Emmanuel Ruben : De deux à dix-sept ans j’ai vécu à l’ombre d’une centrale nucléaire, dans une cité EDF. La centrale, surnommée Superphénix, se trouvait au lieu-dit Malville, sur la commune de Creys-Malville. Mon père travaillait comme technicien de radioprotection dans cette centrale. Il a œuvré à la construction de la centrale, puis pour maintenir cette centrale qui ne fonctionnait jamais et subissait sans cesse des arrêts de tranche (c’était un peu le Flamanville de l’époque). Il y avait de réels problèmes techniques (fuites de sodium, d’eau, d’argon, écroulement de la salle des machines sous le poids de la neige, etc.). Et lorsque la centrale a été arrêtée définitivement, en 1997 selon un accord tacite entre les Verts et le PS, on lui a proposé de travailler au démantèlement de sa centrale. C’est en réfléchissant à cette situation, alors que je remontais la Loire à vélo en juillet 2020, que j’ai songé à écrire ce livre car j’ai réalisé soudain que la vie de mon père était une vie de Sisyphe et j’ai repensé à cette phrase de Camus dans Le mythe de Sisyphe qui dit « il faut imaginer Sisyphe heureux ». Eh bien moi j’aurais aimé pouvoir imaginer mon père heureux mais c’était impossible car la santé de sa centrale incontinente le déprimait trop. Or la dépression du père dans le livre, c’est aussi la dépression de tout un canton de la France périphérique dévastée par la désindustrialisation après la fermeture de cette centrale dangereuse et dysfonctionnelle.

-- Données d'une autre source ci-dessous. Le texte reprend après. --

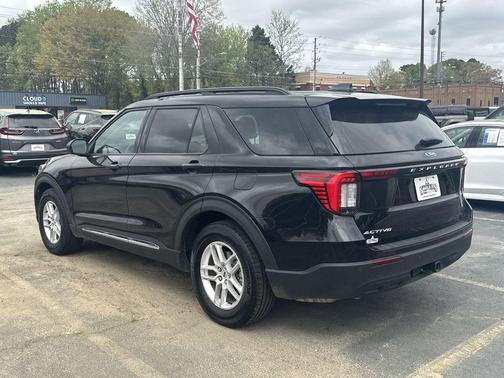 Black Metallic 2025 Ford Explorer Active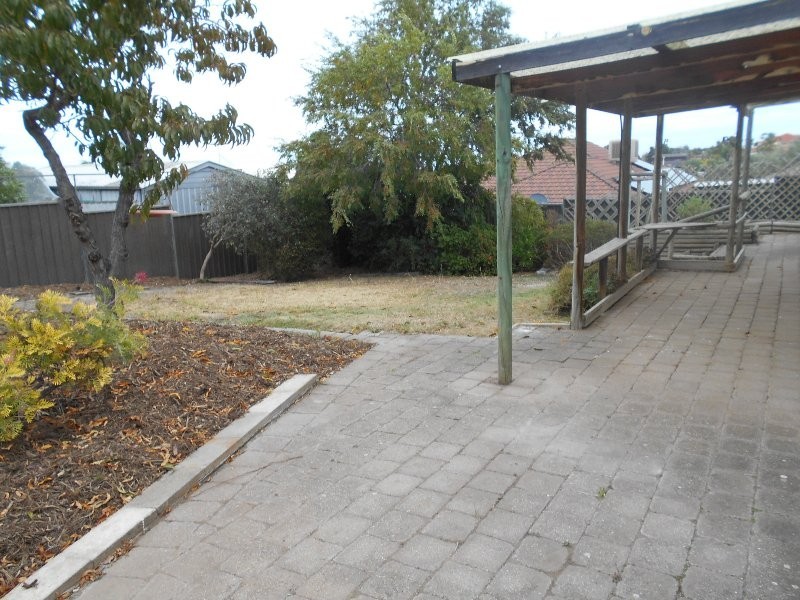 42 CAPELLA DRIVE, Hallett Cove SA 5158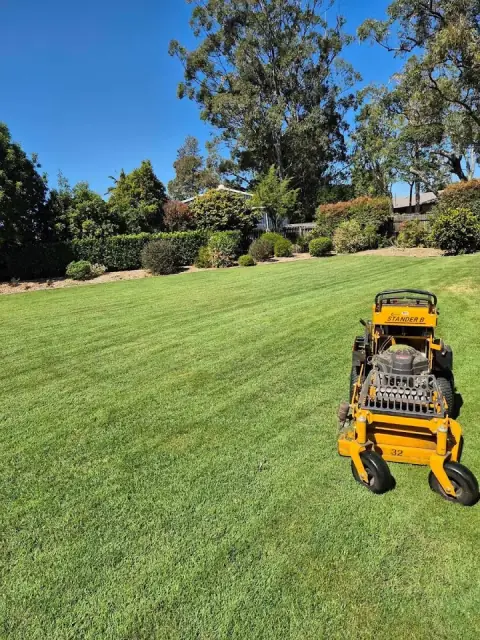 Jim's Mowing (Thornlands North)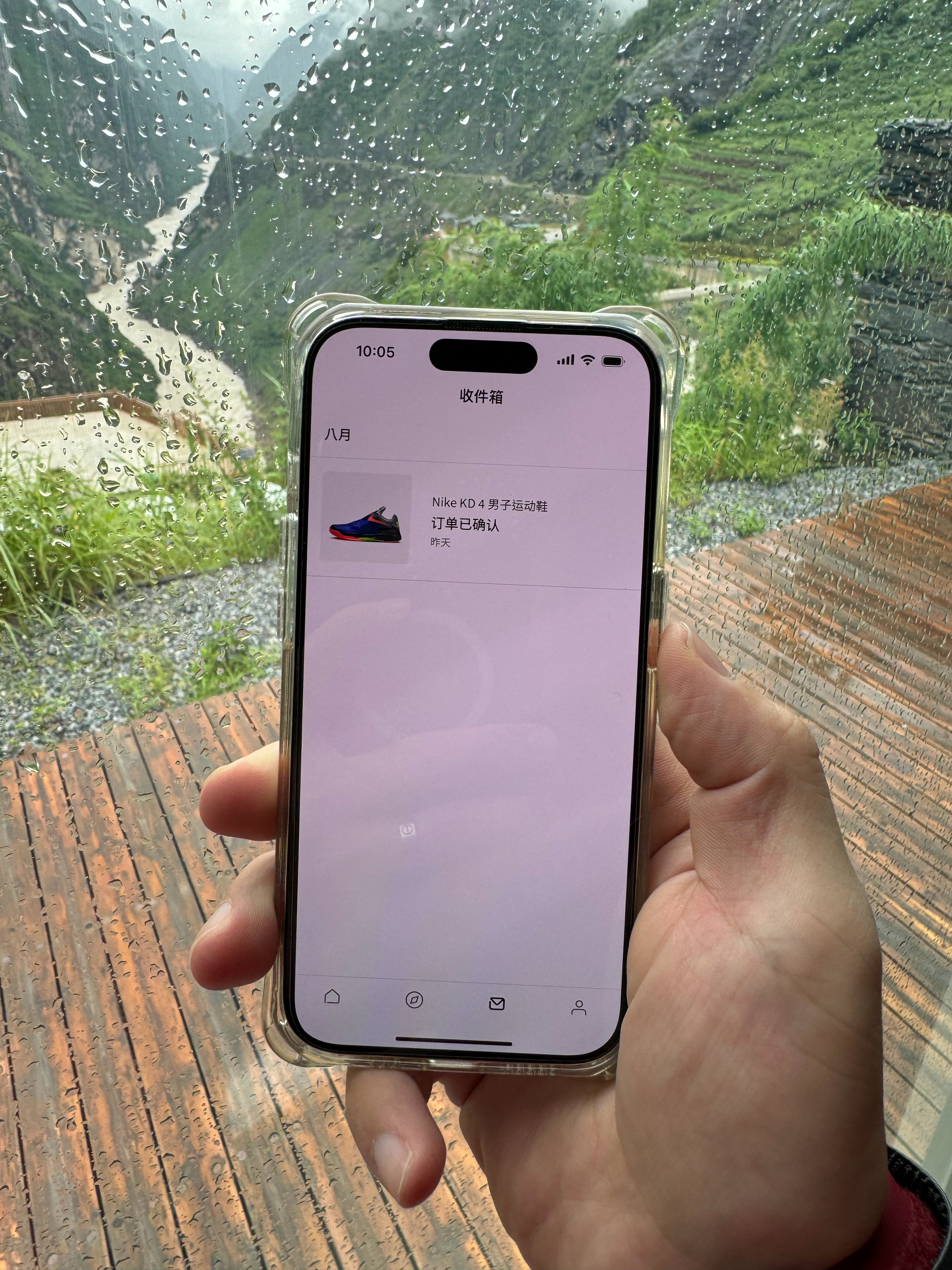 昨晚硬控手机30秒买了双鞋👀 ​​​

V. M : Peut-on dire que le roman culte Malevil de Robert Merle a considérablement influencé votre écriture ? En quoi ce roman est -il pour vous prophétique ?
E. R. : Ma découverte de Malevil est passée d’abord par le film (adaptation de Christian de Chalonge en 1981 avec, entre autres, Jacques Villeret, Jean-Louis Trintignant, Michel Serrault, Jacques Dutronc…). C’était à la fin des années 1980 et le film passait à la télé. Lorsque j’ai vu ce film (que je croyais s’écrire Malville comme la centrale de mon père) évoquer une dévastation nucléaire, j’ai été choqué et mes parents ont éteint la télé pour que je ne me fasse pas d’idées. Moi j’avais l’impression que c’était la centrale de mon père qui avait explosé ! Or ce qu’il y a de prophétique dans le livre de Robert Merle, c’est qu’il imagine un lieu-dit appelé Malevil (deux fois le « mal » : en français et en anglais avec evil, il ne faut pas oublier que Merle était prof d’anglais à l’université) où des hommes survivraient à une dévastation nucléaire. Or le livre est publié en 1972, le plan Messmer de 1974 pour la planification du parc nucléaire français n’a pas encore été lancé : ce n’est qu’en 1976 que les travaux sur Malville vont commencer. Et en 1977 aura lieu la bataille de Malville que je relate dans mon livre, et qui se soldera par l’assassinat de Vital Michalon, un militant antinucléaire. Or le roman de Merle se passe entre 1977 et 1981. C’est un livre prophétique parce qu’il annonce Tchernobyl et notre fin probable si nous continuons dans l’impasse du nucléaire civil et militaire.
V. M. : Votre livre tient à la fois du roman écologiste, politique, familial, tout en mêlant histoire contemporaine et anticipation. Peut-on dire que Malville est un roman d’« anticipation renversée » ?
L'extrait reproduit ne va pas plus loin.